President Clinton's smackdown of Fox News' Chris Wallace yesterday is all over the news, of course, but not having seen clips of it, I figured I'd check out “The Most Trusted Name In News” to see what was up.

So I watched a segment of CNN's Paula Zahn Now. With remarkable effort, she tried to get James Carville and Paul Begala to admit that Clinton's response to Wallace was a calculated ploy to stir up the Democrats before the election.

Timing, don'cha know.

I wish I could properly convey the vibrating glee Paula showed during the exchange. The smirking, the impatience with their answers, the insistence of a political motive. Truly bile-inducing.

Fortunately, Carville and Begala were having none of it. Both essentially said his response was appropriate, and that if it stirred up the Democratic base, fine.
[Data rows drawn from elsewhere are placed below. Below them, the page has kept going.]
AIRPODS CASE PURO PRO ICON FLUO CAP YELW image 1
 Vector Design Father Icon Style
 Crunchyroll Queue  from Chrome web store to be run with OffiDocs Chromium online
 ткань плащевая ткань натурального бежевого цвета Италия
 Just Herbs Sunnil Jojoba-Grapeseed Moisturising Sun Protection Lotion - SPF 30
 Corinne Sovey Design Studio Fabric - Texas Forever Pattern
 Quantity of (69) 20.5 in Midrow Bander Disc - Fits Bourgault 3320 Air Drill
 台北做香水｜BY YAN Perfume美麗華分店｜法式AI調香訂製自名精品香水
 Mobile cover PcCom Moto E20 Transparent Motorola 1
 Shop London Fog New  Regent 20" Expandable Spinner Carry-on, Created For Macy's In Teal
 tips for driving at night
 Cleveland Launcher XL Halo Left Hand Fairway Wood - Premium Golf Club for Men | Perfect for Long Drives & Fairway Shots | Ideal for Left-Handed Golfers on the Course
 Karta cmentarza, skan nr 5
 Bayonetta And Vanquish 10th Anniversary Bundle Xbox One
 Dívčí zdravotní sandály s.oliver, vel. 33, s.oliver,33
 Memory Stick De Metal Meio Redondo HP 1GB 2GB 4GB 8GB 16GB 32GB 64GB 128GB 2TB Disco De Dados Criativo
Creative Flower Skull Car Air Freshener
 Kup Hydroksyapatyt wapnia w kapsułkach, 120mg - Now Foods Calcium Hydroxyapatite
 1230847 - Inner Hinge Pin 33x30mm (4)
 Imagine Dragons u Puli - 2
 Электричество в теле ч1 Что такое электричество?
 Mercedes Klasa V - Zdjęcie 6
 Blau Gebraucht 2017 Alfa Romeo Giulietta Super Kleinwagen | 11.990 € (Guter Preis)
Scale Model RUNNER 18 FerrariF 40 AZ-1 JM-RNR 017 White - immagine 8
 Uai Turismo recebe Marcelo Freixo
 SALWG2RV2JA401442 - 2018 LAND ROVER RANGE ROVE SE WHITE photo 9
But it certainly wasn't his primary objective.

But this is what news has become. The bias is so pervasive, it's hard to remember what news should be. For a glimpse of that, I watched the last half-hour of Keith Olbermann's Countdown. Sure, there was some silly stuff--the “Oddball” segment, and the bit about “kung fu racecar drivers.” A break from the morbidity, I suppose.

Then he got down to Number One, his take on the Wallace/Clinton interview. Olbermann's analysis was so thorough and so lucid, I had to remind myself I was watching cable news. For those last ten minutes or so, I really found some hope for television journalism.

That hope is still tempered by the lack of a Fairness Doctrine, but I found myself wondering, if Keith Olbermann can do it on MSNBC in 2006—provide a counterbalance to the histrionics of the Right—maybe others might see the wisdom in following his example.

I can dream.

As for the Clinton interview, I hope Olbermann was right: Our former President basically gave us (Democrats) the green light to call the current President's bluff on terrorism, the Republican cornerstone of this election cycle. We should step up to that challenge.

He said, essentially, you're not going to blame this one on me. This guy was in office for eight months prior to 9/11/01, and he did nothing about bin Laden or terrorism. I tried, I failed, but I did try. Bush did not try.

And wasn't it nice to have somebody respond in an impassioned, forceful, articulate way to a right-wing sniper? We may have to thank Chris Wallace after all, if Olbermann turns out to be right.

For my part, I'll still rely on the few dozen RSS feeds I have for news, plus my local paper and a few magazine subscriptions. At least until we have more Keith Olbermanns out there.